Dataset items
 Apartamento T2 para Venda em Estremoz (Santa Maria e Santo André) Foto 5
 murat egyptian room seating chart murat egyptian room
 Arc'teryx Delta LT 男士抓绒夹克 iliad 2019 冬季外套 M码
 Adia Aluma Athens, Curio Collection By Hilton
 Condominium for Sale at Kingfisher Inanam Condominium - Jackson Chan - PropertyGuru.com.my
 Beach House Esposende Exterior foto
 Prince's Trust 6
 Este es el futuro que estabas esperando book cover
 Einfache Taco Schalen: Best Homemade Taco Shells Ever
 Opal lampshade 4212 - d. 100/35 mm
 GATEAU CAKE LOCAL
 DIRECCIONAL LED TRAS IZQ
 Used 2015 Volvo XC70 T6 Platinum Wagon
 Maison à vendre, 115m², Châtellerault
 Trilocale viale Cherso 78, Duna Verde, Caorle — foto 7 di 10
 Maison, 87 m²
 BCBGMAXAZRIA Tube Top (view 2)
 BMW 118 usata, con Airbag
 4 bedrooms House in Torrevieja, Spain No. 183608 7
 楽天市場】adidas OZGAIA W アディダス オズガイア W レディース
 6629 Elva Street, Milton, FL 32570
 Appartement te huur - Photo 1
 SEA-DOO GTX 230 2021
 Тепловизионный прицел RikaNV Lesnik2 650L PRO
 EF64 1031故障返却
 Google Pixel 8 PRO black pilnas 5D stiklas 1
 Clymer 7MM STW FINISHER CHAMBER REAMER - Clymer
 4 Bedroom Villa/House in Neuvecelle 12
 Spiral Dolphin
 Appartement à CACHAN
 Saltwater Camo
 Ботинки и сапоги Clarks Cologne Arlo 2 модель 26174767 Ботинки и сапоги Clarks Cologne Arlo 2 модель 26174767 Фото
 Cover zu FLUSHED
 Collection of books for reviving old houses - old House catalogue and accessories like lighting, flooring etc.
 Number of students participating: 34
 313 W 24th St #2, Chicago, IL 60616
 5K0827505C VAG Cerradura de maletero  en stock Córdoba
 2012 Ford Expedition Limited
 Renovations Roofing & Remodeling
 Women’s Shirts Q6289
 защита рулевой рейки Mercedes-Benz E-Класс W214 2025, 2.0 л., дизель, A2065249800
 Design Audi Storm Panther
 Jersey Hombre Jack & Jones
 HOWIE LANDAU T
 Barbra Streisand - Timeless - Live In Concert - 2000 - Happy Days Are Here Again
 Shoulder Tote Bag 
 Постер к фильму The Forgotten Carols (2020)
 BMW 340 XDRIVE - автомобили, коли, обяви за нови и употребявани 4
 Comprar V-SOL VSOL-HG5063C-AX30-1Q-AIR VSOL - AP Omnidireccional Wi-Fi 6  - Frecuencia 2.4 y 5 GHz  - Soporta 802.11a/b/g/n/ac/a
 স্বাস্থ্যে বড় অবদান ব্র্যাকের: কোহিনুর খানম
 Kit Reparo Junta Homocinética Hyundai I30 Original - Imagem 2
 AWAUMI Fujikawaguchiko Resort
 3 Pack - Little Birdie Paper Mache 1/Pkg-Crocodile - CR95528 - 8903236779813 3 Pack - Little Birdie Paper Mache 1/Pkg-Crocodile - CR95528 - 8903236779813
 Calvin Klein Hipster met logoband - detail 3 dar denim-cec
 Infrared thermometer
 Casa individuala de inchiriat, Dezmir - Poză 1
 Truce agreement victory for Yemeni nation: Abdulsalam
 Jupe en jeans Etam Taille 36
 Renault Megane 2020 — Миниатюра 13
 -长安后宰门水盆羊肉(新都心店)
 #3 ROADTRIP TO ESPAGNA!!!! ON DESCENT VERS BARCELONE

▶ **Problem requirements**: A reply should hold exactly the lines from the one containing "-长安后宰门水盆羊肉(新都心店)" through the end of the data above, nothing more.

▶ **Answer space**:
 -长安后宰门水盆羊肉(新都心店)
 #3 ROADTRIP TO ESPAGNA!!!! ON DESCENT VERS BARCELONE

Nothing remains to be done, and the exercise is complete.